- _YOUR ASSIGNMENT_
Give back, character for character, the line that includes "נרתיק Marcus Bonna MB-5 Case French Horn Compact 3" and all lines beneath it in the data.

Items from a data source

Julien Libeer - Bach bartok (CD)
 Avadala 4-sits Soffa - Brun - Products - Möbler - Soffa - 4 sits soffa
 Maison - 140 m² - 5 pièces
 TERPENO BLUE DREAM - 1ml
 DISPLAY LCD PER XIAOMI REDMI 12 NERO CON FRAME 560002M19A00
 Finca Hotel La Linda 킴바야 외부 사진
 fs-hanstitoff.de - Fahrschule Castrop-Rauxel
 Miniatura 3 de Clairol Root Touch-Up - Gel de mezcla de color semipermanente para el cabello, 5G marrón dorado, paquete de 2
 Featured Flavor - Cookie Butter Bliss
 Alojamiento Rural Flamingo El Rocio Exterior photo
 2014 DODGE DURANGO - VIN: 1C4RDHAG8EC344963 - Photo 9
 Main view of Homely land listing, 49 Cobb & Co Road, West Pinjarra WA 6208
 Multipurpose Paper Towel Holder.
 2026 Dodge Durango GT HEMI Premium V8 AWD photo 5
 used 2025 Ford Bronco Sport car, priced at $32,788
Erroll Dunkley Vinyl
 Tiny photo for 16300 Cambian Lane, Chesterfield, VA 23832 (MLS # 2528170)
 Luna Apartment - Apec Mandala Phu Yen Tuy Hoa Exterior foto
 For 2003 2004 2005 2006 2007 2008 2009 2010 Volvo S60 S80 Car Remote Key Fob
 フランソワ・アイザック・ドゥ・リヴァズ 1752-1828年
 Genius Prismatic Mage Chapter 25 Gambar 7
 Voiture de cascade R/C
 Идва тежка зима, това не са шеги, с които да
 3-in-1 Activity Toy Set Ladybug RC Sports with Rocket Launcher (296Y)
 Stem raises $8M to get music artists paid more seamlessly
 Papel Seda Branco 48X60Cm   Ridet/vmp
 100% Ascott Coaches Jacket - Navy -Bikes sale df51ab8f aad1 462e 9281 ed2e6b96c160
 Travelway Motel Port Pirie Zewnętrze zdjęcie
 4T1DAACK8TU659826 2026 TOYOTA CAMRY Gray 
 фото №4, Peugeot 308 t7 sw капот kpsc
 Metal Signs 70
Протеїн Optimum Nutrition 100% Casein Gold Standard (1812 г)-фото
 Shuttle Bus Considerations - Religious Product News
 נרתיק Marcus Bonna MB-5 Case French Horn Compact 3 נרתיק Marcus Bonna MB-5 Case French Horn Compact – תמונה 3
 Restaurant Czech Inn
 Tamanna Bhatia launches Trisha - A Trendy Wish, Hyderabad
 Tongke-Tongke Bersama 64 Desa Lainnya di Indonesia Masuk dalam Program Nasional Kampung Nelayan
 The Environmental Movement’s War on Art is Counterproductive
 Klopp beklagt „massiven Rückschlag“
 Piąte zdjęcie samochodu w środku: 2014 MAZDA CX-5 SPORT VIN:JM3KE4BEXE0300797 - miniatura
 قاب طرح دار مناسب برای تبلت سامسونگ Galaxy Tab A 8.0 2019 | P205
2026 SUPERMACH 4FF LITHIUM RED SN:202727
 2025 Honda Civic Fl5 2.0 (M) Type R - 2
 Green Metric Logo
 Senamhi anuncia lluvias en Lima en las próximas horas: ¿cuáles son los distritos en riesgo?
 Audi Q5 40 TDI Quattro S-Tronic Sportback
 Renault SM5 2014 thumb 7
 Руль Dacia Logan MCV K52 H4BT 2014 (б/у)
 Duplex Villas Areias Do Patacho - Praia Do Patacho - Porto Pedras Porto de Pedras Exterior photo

- _ANSWER BOX_
 נרתיק Marcus Bonna MB-5 Case French Horn Compact 3 נרתיק Marcus Bonna MB-5 Case French Horn Compact – תמונה 3
 Restaurant Czech Inn
 Tamanna Bhatia launches Trisha - A Trendy Wish, Hyderabad
 Tongke-Tongke Bersama 64 Desa Lainnya di Indonesia Masuk dalam Program Nasional Kampung Nelayan
 The Environmental Movement’s War on Art is Counterproductive
 Klopp beklagt „massiven Rückschlag“
 Piąte zdjęcie samochodu w środku: 2014 MAZDA CX-5 SPORT VIN:JM3KE4BEXE0300797 - miniatura
 قاب طرح دار مناسب برای تبلت سامسونگ Galaxy Tab A 8.0 2019 | P205
2026 SUPERMACH 4FF LITHIUM RED SN:202727
 2025 Honda Civic Fl5 2.0 (M) Type R - 2
 Green Metric Logo
 Senamhi anuncia lluvias en Lima en las próximas horas: ¿cuáles son los distritos en riesgo?
 Audi Q5 40 TDI Quattro S-Tronic Sportback
 Renault SM5 2014 thumb 7
 Руль Dacia Logan MCV K52 H4BT 2014 (б/у)
 Duplex Villas Areias Do Patacho - Praia Do Patacho - Porto Pedras Porto de Pedras Exterior photo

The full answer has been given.